* DATA IN THIS EXERCISE

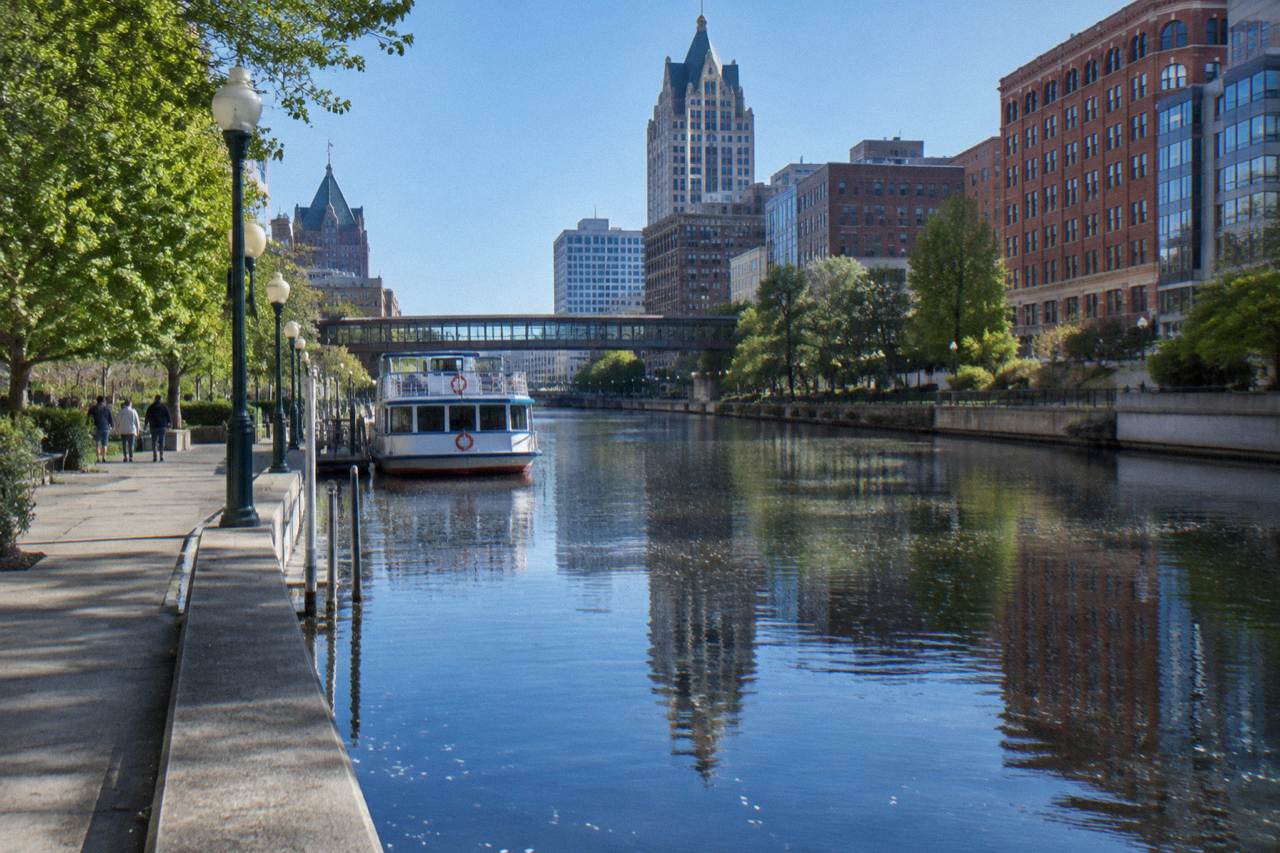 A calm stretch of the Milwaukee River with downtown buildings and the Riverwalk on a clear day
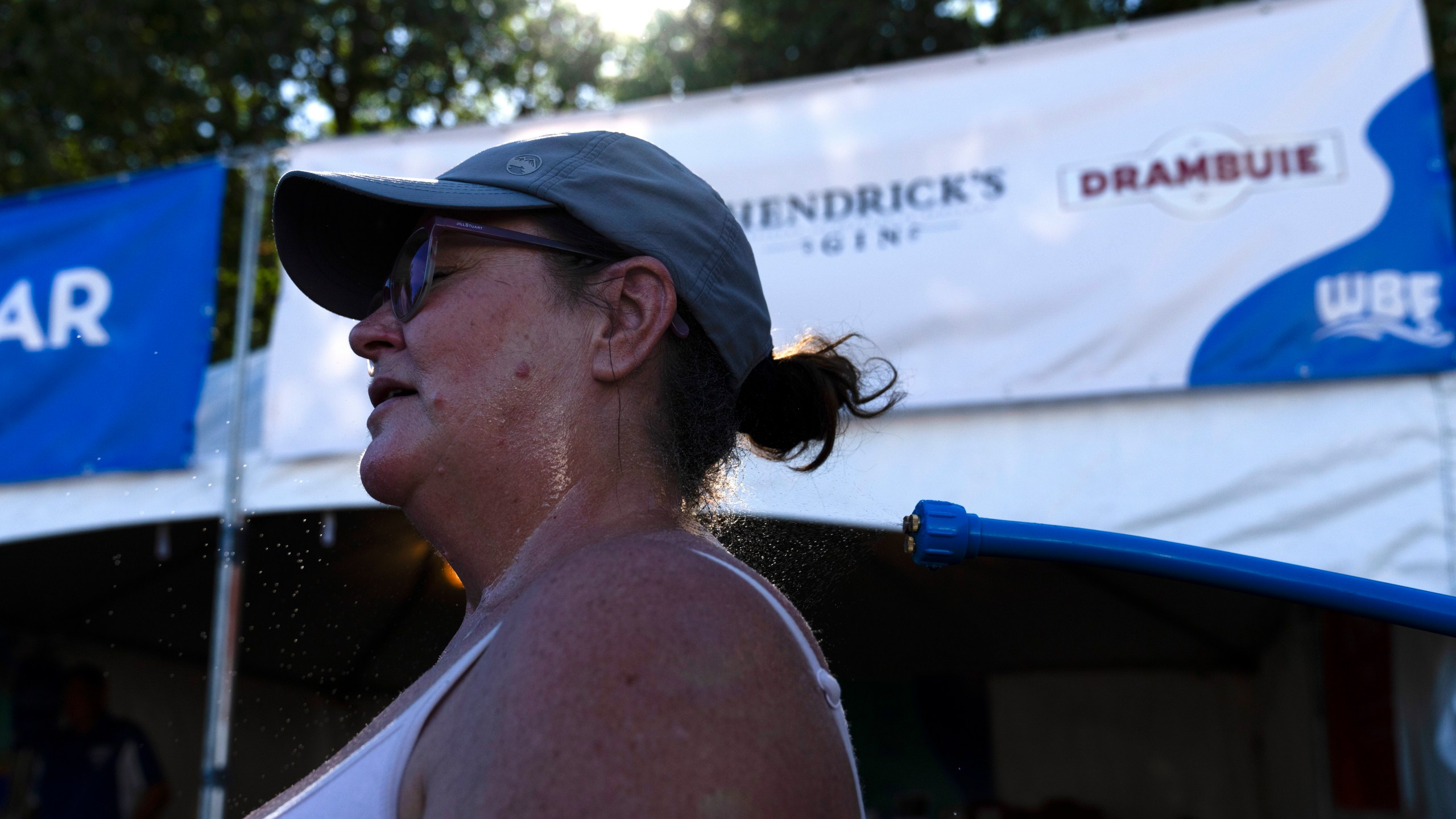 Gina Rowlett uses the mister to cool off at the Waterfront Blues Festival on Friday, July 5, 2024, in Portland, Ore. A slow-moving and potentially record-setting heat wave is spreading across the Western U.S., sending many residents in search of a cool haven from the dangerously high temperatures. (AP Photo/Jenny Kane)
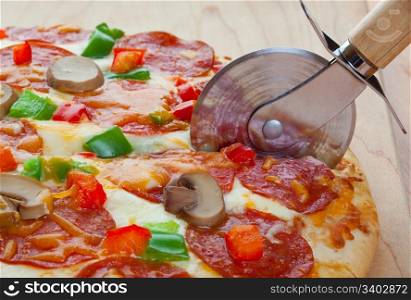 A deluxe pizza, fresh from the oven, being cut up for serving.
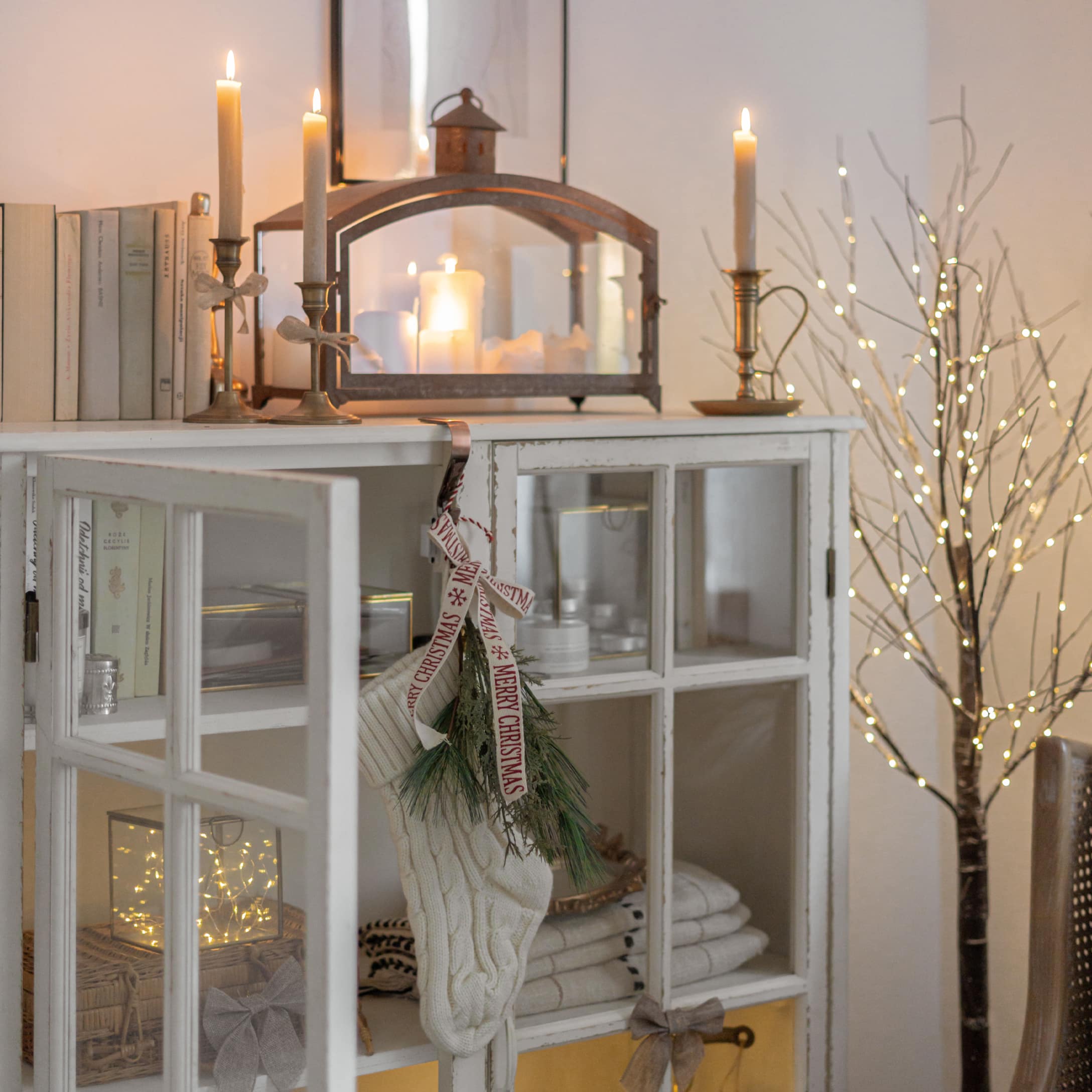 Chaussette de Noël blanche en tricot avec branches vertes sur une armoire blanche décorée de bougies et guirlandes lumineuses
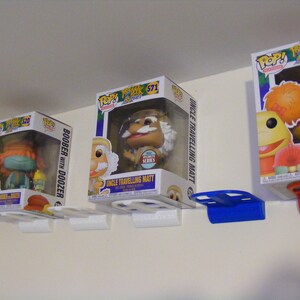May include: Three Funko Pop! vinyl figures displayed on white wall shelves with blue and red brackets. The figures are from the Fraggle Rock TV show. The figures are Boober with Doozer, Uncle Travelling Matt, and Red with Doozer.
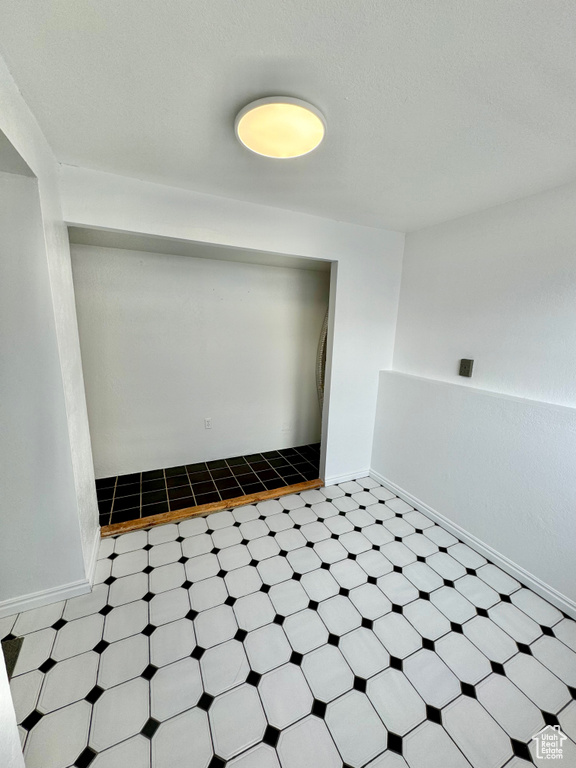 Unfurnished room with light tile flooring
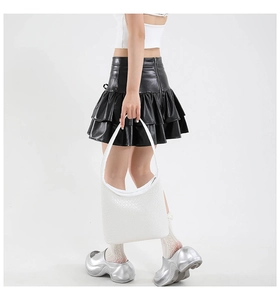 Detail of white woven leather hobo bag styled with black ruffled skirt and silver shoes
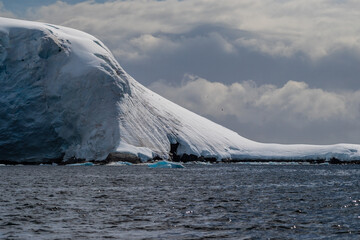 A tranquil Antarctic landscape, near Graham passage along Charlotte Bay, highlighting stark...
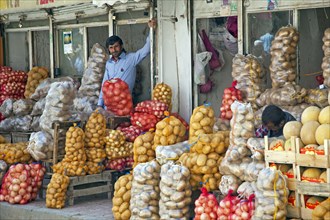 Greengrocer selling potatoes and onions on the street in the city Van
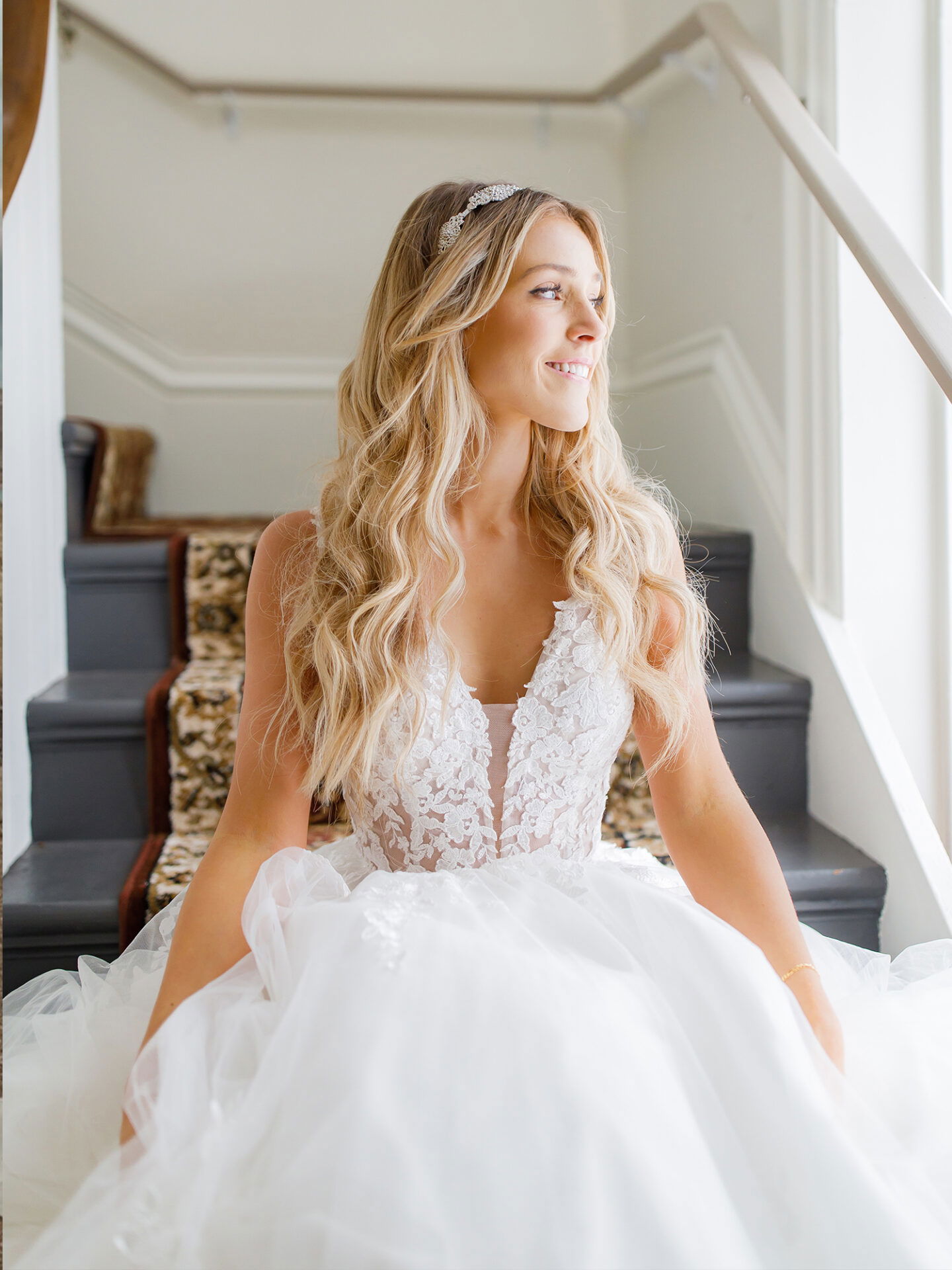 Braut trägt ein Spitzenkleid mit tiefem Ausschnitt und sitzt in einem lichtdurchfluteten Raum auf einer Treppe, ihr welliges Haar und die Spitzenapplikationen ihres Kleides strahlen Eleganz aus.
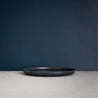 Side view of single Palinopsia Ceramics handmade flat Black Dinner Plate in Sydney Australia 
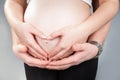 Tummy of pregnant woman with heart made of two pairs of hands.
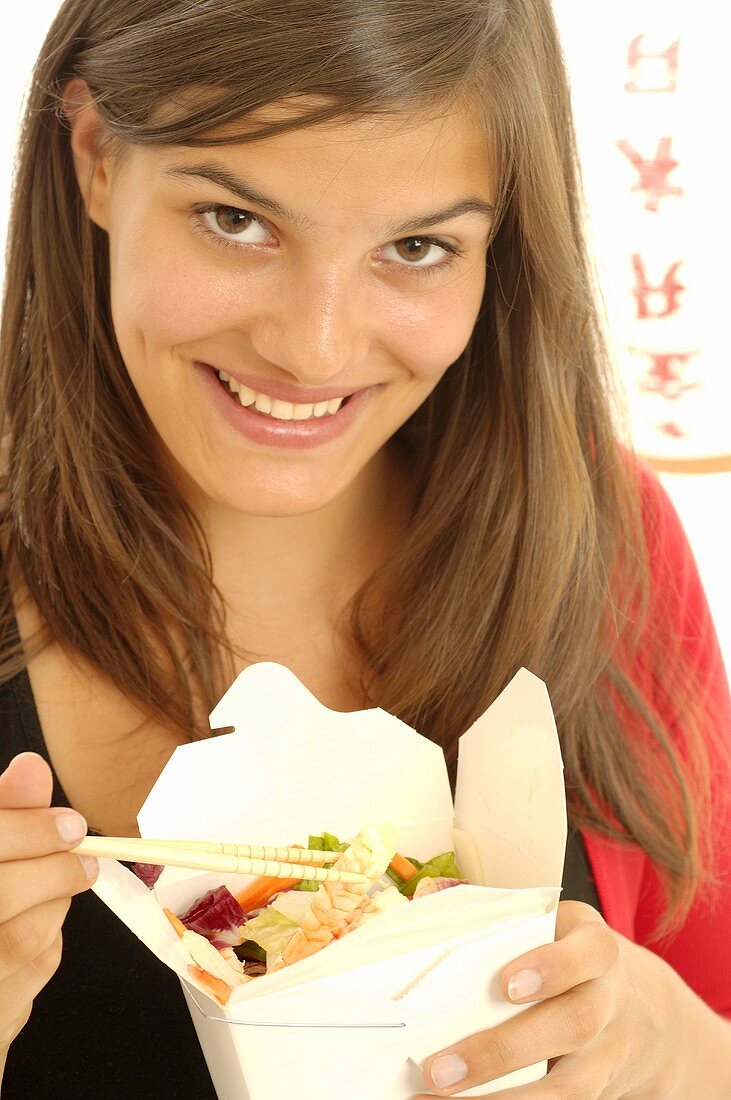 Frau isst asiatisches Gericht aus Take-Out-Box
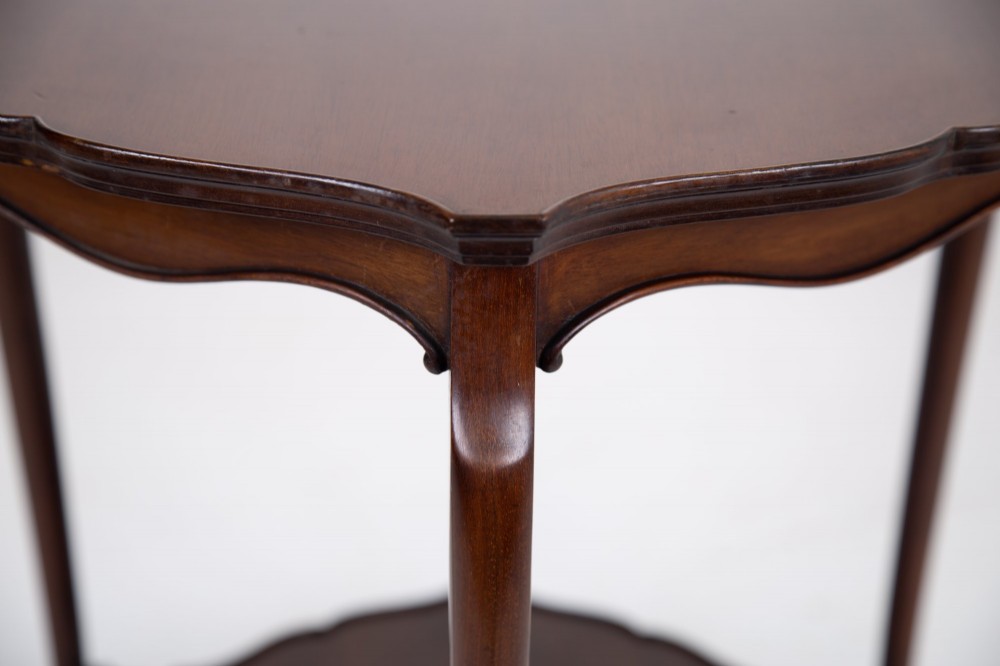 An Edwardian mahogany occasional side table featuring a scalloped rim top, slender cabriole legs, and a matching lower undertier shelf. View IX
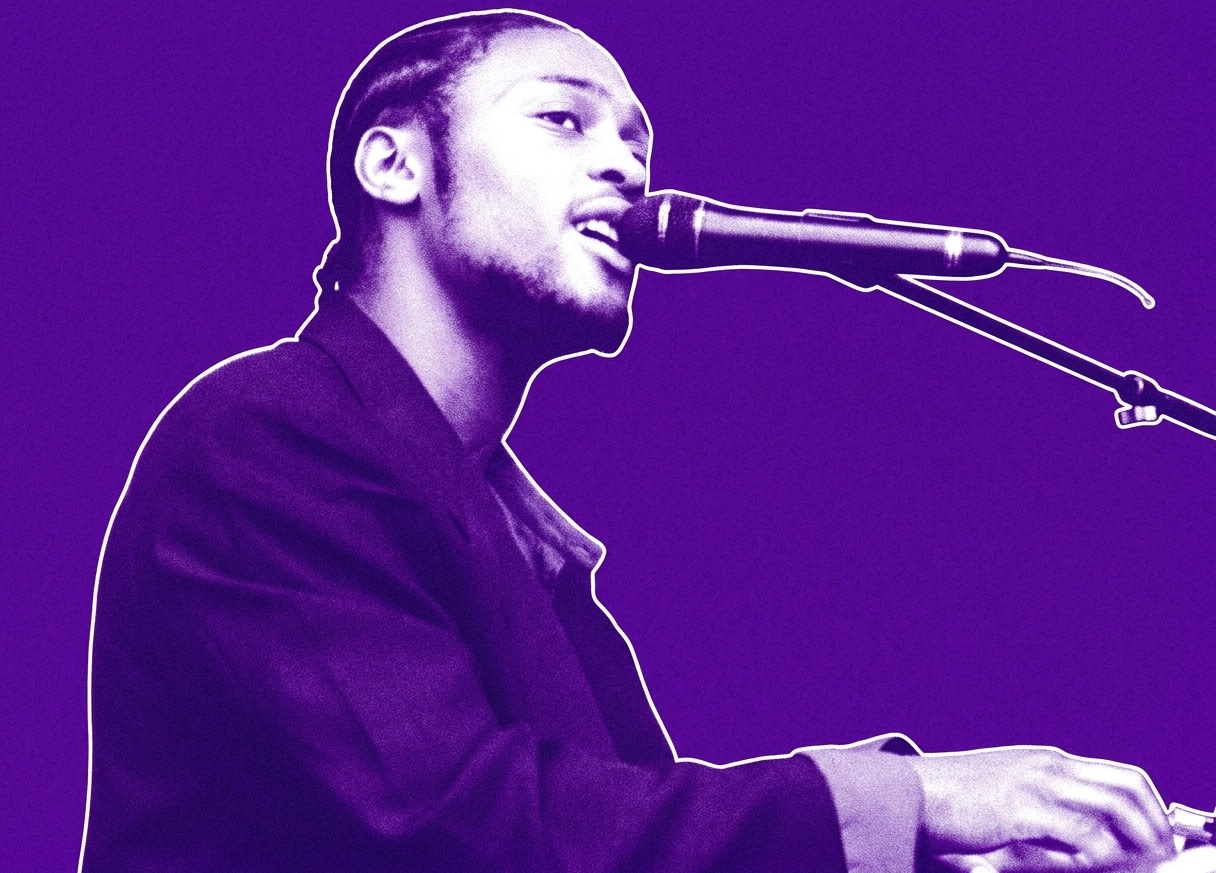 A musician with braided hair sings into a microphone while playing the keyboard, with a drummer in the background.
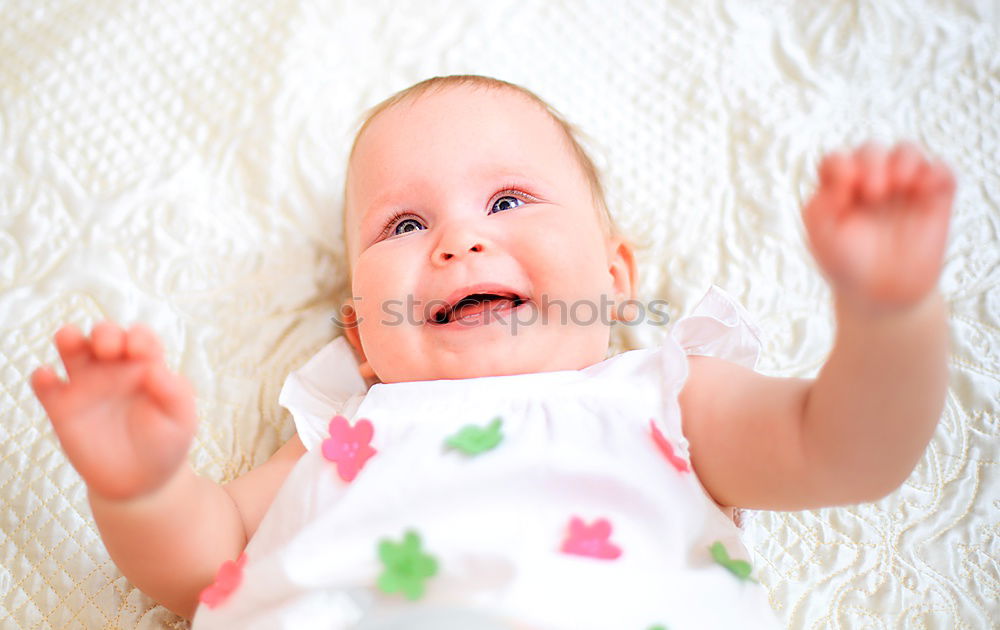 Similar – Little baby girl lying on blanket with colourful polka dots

* TASK TO CARRY OUT
Keep the pictures out, and write out the rest of the data above word for word.

* ANSWER TO THE EXERCISE
 A calm stretch of the Milwaukee River with downtown buildings and the Riverwalk on a clear day
 Gina Rowlett uses the mister to cool off at the Waterfront Blues Festival on Friday, July 5, 2024, in Portland, Ore. A slow-moving and potentially record-setting heat wave is spreading across the Western U.S., sending many residents in search of a cool haven from the dangerously high temperatures. (AP Photo/Jenny Kane)
 A deluxe pizza, fresh from the oven, being cut up for serving.
 Chaussette de Noël blanche en tricot avec branches vertes sur une armoire blanche décorée de bougies et guirlandes lumineuses
May include: Three Funko Pop! vinyl figures displayed on white wall shelves with blue and red brackets. The figures are from the Fraggle Rock TV show. The figures are Boober with Doozer, Uncle Travelling Matt, and Red with Doozer.
 Unfurnished room with light tile flooring
 Detail of white woven leather hobo bag styled with black ruffled skirt and silver shoes
 A tranquil Antarctic landscape, near Graham passage along Charlotte Bay, highlighting stark...
 Greengrocer selling potatoes and onions on the street in the city Van
 Braut trägt ein Spitzenkleid mit tiefem Ausschnitt und sitzt in einem lichtdurchfluteten Raum auf einer Treppe, ihr welliges Haar und die Spitzenapplikationen ihres Kleides strahlen Eleganz aus.
 Side view of single Palinopsia Ceramics handmade flat Black Dinner Plate in Sydney Australia 
 Tummy of pregnant woman with heart made of two pairs of hands.
 Frau isst asiatisches Gericht aus Take-Out-Box
 An Edwardian mahogany occasional side table featuring a scalloped rim top, slender cabriole legs, and a matching lower undertier shelf. View IX
 A musician with braided hair sings into a microphone while playing the keyboard, with a drummer in the background.
 Similar – Little baby girl lying on blanket with colourful polka dots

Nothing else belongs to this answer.